Mein Basislager werde ich im Süden beziehen, den ich besonders mag, weil er abseits der Hauptrouten liegt: in Colònia de Sant Jordi.
Ich übernachte in einem kleinen Apartmentkomplex. Ein Zeichen der Solidarität mit einer familiengeführten Unterkunft. Laut Besitzerin Apolonia Bonet sind noch ein Pärchen und zwei Familien angekündigt. Sonst bleibt alles leer: der Pool, die Liegen, die Parkplätze.
Natürlich gilt es, Abstriche in Kauf zu nehmen. Kaum die Hälfte der Hotels ist buchbar, da geschlossen. Einzelne Bauwerke haben zu, manche Läden und Restaurants haben die Schotten dicht gemacht. Wer sich der Urlauberspezies der Ballermänner zurechnet, wird ernüchtert sein. Die Party fällt in dieser Saison aus. Corona hat aus Malle wieder Mallorca gemacht. Das zu erleben, könnte eine einzigartige Chance sein, die vielleicht nie mehr wiederkommt.
Ankunft in Palma
Wer hätte gedacht, dass es sich einmal sehr exklusiv anfühlen wird, in einem Ferienflieger nach Mallorca zu fliegen? Nun sitze ich im Flugzeug, und die Belüftung ist so eingestellt, dass ich glaube, Desinfektionsmittel zu inhalieren. Der Geruch durchdringt die Gesichtsmaske, die sein muss in diesen Zeiten.
Nach der Landung in Palma stehen erst einmal praktische Aufgaben an. Die spanischen Behörden geben ein Einreiseformular aus. Doppelseitig, 42 Punkte. Doch den Zöllnern reichen lückenhafte Angaben. Wichtiger ist, ohne Auffälligkeiten die zwei Schleusen mit Wärmebildkameras zur Fiebermessung zu passieren. Dann trete ich hinaus in die Sonne.
Die Altstadt ist leer
Mich trennen 0,6 Grad Celsius vom Zutritt in eine der schönsten Glaubensburgen Spaniens: die Kathedrale von Palma. Kartenkontrolleur Toni misst meine Körpertemperatur: 36,6 Grad. Glück gehabt. Wären es etwas mehr gewesen, hätte ich draussen bleiben müssen.

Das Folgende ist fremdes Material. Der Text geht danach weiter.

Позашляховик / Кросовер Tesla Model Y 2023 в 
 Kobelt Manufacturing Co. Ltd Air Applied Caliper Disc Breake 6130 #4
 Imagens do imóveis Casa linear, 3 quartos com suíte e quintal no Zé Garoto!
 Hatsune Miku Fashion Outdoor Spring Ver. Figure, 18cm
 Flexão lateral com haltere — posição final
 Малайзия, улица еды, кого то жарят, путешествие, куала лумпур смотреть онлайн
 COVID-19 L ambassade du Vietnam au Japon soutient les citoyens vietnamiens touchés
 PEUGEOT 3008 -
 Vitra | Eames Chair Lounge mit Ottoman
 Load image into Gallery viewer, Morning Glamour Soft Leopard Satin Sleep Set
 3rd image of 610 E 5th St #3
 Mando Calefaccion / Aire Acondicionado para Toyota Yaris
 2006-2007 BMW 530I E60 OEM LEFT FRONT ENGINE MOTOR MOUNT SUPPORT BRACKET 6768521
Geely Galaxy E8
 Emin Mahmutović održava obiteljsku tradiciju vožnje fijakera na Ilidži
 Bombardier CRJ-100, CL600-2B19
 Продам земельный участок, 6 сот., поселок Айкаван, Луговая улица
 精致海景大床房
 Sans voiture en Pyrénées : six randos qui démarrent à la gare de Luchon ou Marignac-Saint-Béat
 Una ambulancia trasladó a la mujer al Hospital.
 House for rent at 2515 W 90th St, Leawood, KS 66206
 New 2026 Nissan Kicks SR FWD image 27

Drinnen sind kaum Besucherinnen und Besucher unterwegs – so wie in der gesamten Altstadt. Ich kann fantastische Fotos ohne Menschenmassen schiessen.
Stadtführer Miguel Ángel Beltrán kann der Leere nichts abgewinnen. Der 43-Jährige sehnt sich nach «Ambiente, Lärm und vollen Restaurantterrassen», wie er sagt. Er kennt Kneipen, die durch die Krise bereits Geschichte sind. Zuletzt war er auf dem eigentlich riesigen Inselmarkt, jeden Mittwoch in Sineu, und fand es dort «supertraurig» mit den wenigen Ständen. Kann nur besser werden.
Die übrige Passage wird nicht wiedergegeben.